# Zusammenhang Zykluszeit Profibus Zykluszeit SPS



## Peltzerserbe (28 April 2008)

Ichhab da mal 'ne Frage.
Die Zykluszeit in der SPS ist mir klar. Lesen des PAE, Bearbeitung des zyklischen Programmteils und dann schreiben des PAA. Das ist die SPS-Zykluszeit. Dann weiß ich noch, das die Raktionszeit im ungünstigsten Fall 2 mal die Zykluszeit ist.
So nun zur Frage:
1. Wie sieht das mit dem Profibus aus? Zykluszeit ist ja einmal die Tokenumlaufzeit.
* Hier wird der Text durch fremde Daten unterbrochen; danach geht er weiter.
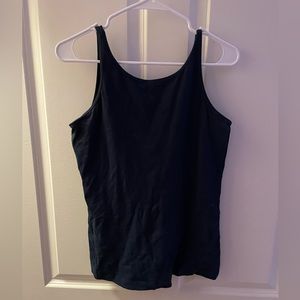 Women’s size 8 lululemon fitted tank top, full length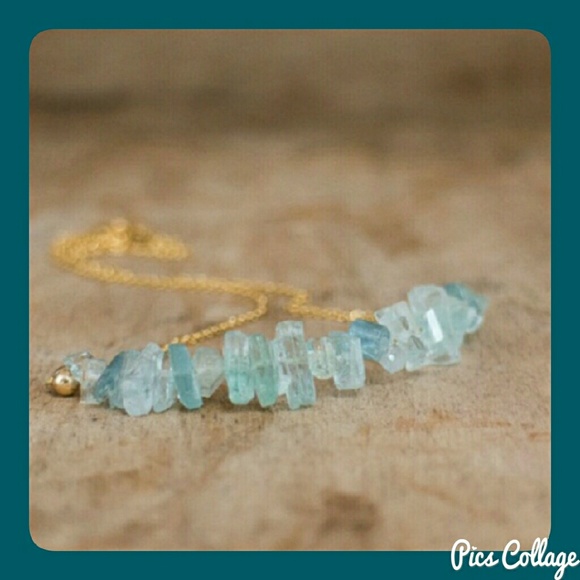 18K Gold Semi-Precious Aquamarine Bar Necklace - Picture 1 of 6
Wo werden die Signalzustände gelesen, bzw. geschrieben.
Wann werden die Daten der SPS zur verfügung gestellt (beim PAE und PAA, oder wie beim PAW/PEW)
2. Wie sollte die Profibuszykluszeit gegenüber der SPSzykluszeit verhalten und warum?

Danke für Antworten.
Holger


----------



## kermit (28 April 2008)

zwei Stunden keine Antwort 

also: die Buszykluszeit kommt zur Reaktionszeit auch noch zweimal hinzu, standardmäßig läuft der Profibuszyklus asynchron zum SPS-Zyklus.

aber wenn ich recht erinnere, hilft da die auf CD mitgelieferte S7-doku, Suchfunktion im Forum, Google etc. recht gut weiter, wenn man da so Begriffe wie Zykluszeitberechnung etc. mal eintippt ...


----------